聞いて読む初版グリム童話―ドイツ語朗読CD付

聞いて読む初版グリム童話―ドイツ語朗読CD付

グリム童話に興味がある方ならば、グリム兄弟が編纂した昔話集は最初の版画出た後も兄弟の手によって改訂がなされ、最終的に7版まで出されたこと、そして現在一般的に読まれているのはこの最終版だということをご存じのことだろう。
その「初版」(1812年第1巻、1815年第2巻)の全訳が、やはり白水社から刊行されているのだが、
初版グリム童話集(1) (白水uブックス 164)

初版グリム童話集(1) (白水uブックス 164)

この本はその中から6編を取り上げて、ドイツ語と日本語の対照形式にすると同時に詳しい説明を添えたもので、最初は1993年に出た。

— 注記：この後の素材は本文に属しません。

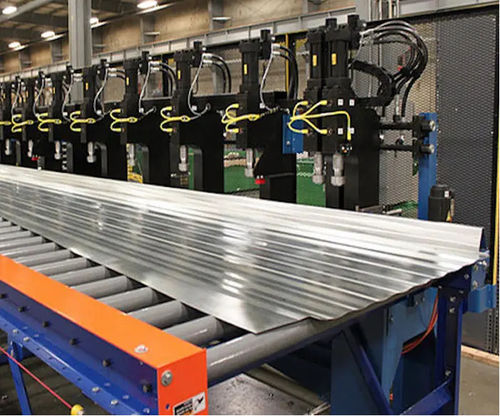 Производственная линия для профилей - Thomas Machinery Manufacturing Co. Ltd. - угловая / для колпачков / автоматическая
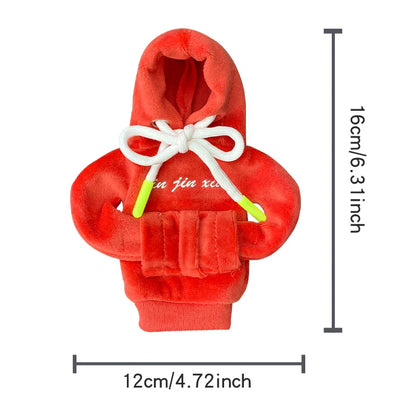 Hoodie Gear Shift Cover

今回はそこに朗読CDをつけた改題版である。
収められているのは、

かえるの王さままたは鉄のハインリッヒ
           ・・・『グリム童話集』第一話
ラプンツェル ・・・妖精物語から昔話へ
ヘンゼルとグレーテル ・・・悪い母親はみんな継母?
いばら姫 ・・・三人のねむり姫
白雪姫 ・・・白雪姫はどうやって生き返ったか?
千匹皮 ・・・近親相姦の昔話?
子どもたちが屠殺ごっこをした話 ・・・うそのような本当の話

巻頭にある「グリム童話への手引き」は20ページ足らずではあるが、グリム童話というものの概略を知るために格好の解説となっている。
ドイツ語にはちゃんと注もついているし、日本語訳と解説を読むだけでも十分楽しめる。
白雪姫なんて、版によって生き返りかたがぜんぜん違ってて、とてもおもしろいのです。
著者・訳者の吉原夫妻は我が恩師。かつてのグリム童話ブームのきっかけとなったのが、お二人の訳した初版グリム童話集だったのだ。